La verticalité lyrique est solidaire du travail du nom, ou plutôt de ce que Martine Broda appelle " l'amour du nom ".

                                                               La notion d'obstacle " Le travail du nom ". 

"Ensevelissement de la filiation! Masque; Le travail au noir (dans les traités alchimiques c'est la phase de séparation et de dissolution de la substance) de l'écriture est ici travail pour se soustraire " à l'enveloppement biographique " tel que s'y livrent maints lyriques. Manière obstinée, répétitive et théâtrale de faire en sorte que " les chambres refroidissent dans l'énigme ". Ce geste d'atterrement qui ramène tout au noir entend précisément substituer de l'horizontalité (planitude) à la verticalité (plénitude).
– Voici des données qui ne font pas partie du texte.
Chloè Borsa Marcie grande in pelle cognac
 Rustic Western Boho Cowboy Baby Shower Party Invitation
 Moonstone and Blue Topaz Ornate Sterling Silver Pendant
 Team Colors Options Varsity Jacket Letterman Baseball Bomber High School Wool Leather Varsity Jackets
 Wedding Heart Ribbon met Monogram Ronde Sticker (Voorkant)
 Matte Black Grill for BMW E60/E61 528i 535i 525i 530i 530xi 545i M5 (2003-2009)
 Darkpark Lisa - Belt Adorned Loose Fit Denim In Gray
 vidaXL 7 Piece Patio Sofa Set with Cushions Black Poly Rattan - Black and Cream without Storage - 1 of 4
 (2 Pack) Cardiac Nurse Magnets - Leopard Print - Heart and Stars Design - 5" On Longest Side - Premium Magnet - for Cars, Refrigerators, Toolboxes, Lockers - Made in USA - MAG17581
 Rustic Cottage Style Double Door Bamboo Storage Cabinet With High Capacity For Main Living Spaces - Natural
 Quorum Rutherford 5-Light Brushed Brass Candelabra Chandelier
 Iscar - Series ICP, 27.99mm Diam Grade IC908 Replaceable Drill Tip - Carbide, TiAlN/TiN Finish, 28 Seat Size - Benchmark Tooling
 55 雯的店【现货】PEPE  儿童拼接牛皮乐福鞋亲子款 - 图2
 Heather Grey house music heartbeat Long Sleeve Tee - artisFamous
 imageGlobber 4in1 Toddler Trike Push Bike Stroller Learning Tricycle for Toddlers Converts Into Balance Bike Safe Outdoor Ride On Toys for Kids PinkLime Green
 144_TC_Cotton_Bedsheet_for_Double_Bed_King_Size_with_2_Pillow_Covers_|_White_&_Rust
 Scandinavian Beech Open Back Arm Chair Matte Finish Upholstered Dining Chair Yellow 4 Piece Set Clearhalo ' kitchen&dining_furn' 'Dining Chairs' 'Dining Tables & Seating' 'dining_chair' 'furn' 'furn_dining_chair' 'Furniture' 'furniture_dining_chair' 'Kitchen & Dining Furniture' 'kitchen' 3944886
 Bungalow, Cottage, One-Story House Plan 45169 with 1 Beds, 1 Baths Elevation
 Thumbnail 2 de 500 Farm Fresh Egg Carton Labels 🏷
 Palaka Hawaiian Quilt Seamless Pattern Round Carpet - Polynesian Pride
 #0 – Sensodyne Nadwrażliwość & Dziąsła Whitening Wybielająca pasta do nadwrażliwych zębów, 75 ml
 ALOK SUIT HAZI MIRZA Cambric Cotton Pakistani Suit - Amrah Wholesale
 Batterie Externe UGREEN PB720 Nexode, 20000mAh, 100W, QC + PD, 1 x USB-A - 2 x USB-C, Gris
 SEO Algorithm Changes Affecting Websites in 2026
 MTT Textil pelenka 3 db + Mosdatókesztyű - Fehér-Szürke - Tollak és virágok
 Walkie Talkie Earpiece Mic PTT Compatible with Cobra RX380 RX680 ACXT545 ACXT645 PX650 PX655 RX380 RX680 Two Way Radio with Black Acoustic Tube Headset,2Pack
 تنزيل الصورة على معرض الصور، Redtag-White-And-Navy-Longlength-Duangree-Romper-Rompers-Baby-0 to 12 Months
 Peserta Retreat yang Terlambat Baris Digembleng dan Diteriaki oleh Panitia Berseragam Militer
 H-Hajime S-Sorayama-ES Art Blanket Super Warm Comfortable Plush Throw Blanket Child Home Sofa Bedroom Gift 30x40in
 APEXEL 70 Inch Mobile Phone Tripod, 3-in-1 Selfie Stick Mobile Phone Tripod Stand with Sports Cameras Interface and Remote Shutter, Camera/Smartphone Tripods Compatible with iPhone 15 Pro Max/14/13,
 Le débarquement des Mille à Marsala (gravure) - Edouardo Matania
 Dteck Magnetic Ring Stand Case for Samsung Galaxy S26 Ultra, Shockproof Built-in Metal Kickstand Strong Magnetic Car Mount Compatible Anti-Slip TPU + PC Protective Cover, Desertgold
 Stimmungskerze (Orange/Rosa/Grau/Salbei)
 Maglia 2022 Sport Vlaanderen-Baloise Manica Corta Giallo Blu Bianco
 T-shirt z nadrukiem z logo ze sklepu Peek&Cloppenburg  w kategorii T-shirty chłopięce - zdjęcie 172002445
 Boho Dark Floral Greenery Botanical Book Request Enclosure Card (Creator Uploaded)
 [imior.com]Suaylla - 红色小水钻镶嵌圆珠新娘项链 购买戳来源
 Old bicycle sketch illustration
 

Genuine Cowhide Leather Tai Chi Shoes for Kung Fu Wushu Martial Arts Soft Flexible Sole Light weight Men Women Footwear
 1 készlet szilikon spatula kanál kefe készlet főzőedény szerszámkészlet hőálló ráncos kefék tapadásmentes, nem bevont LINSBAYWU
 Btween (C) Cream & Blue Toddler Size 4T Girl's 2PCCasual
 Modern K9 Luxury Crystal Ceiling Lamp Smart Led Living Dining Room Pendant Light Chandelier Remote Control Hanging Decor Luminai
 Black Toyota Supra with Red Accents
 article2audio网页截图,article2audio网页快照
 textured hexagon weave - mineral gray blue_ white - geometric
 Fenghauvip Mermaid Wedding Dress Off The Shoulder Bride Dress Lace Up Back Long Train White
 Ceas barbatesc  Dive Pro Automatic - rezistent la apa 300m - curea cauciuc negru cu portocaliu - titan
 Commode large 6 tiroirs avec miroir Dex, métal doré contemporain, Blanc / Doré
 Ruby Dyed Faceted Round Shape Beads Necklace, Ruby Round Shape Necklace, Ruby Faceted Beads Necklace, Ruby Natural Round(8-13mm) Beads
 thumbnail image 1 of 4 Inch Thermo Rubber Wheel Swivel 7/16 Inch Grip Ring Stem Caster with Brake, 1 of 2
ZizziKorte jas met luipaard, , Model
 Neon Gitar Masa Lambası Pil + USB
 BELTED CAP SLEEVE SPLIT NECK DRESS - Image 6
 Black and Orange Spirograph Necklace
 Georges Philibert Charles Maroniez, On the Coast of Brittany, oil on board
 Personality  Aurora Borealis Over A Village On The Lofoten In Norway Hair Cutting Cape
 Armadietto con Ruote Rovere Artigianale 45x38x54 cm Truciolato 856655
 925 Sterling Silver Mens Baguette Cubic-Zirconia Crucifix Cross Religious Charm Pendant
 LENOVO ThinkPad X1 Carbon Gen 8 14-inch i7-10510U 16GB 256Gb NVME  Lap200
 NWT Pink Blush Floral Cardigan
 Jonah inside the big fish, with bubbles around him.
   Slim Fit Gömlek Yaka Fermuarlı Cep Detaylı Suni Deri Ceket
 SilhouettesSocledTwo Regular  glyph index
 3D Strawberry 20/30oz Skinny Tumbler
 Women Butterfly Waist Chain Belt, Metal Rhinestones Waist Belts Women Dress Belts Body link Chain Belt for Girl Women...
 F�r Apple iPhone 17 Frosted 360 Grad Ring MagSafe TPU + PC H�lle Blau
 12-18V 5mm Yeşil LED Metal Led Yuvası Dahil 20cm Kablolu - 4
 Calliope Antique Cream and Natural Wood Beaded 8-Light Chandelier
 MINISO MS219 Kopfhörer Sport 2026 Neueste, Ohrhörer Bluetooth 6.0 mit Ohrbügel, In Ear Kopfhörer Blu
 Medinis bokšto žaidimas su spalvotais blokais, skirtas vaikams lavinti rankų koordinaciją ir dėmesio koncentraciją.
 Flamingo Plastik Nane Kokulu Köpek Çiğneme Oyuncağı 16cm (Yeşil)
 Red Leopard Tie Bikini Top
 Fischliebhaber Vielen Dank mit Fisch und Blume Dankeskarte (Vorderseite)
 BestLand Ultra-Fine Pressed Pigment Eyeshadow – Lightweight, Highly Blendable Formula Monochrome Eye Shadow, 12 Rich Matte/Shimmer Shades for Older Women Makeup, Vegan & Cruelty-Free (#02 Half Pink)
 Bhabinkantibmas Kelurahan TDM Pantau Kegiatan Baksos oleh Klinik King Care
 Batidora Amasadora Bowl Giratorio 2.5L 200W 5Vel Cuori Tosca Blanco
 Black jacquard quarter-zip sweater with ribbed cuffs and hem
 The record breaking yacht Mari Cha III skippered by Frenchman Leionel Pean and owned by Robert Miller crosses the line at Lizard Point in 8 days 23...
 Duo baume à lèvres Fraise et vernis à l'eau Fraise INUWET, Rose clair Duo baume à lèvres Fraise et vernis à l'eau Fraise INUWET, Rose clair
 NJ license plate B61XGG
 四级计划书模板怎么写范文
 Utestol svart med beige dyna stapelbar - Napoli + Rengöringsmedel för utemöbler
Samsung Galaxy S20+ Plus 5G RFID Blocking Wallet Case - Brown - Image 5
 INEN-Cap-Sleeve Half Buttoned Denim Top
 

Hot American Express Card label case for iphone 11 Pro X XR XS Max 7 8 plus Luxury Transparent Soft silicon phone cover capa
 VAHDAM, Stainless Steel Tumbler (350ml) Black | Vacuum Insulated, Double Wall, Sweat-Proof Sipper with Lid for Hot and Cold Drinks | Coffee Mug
S'établir à distance, entretenir la surface, travailler la page comme un sol, telle est ici la seule façon de forcer et de traverser " le corps de la mère ". Il s'agit d'apprendre à " écrire sous son nom "

Mais écrire sous son nom, c'est précisément s'efforcer de se libérer de tout un héritage symbolique qui contraint et qui parasite. C'est violemment s'en prendre à l'enveloppement du corps de la mère tel qu'il retient aussi bien dans une nasse de signes convenus ou imposés. Il s'agit alors de pratiquer un systématique " épierrage du jardin familial ", de désencrasser et de " nettoyer la langue ", cela afin de " parvenir à se réveiller " ainsi que l'aurait dit Michaux. Le poète littéraliste se constitue en " spectateur d'une annulation " pour reprendre le titre d'un ouvrage de Royet-Journoud intitulé Le Renversement.

Désireux de ne pas mentir et de simplement faire face à " ce qui est devant nous ", le poète littéraliste procède à une espèce d'effacement génétique.

Ecrire sous son nom c'est écrire dans le neutre, se déprendre du symbolique et signer en définitive de son propre nom cette " approche difficile ".

                                          Pour conclure : "Les gestes du travail (...) tiennent lieu d'histoire"(...).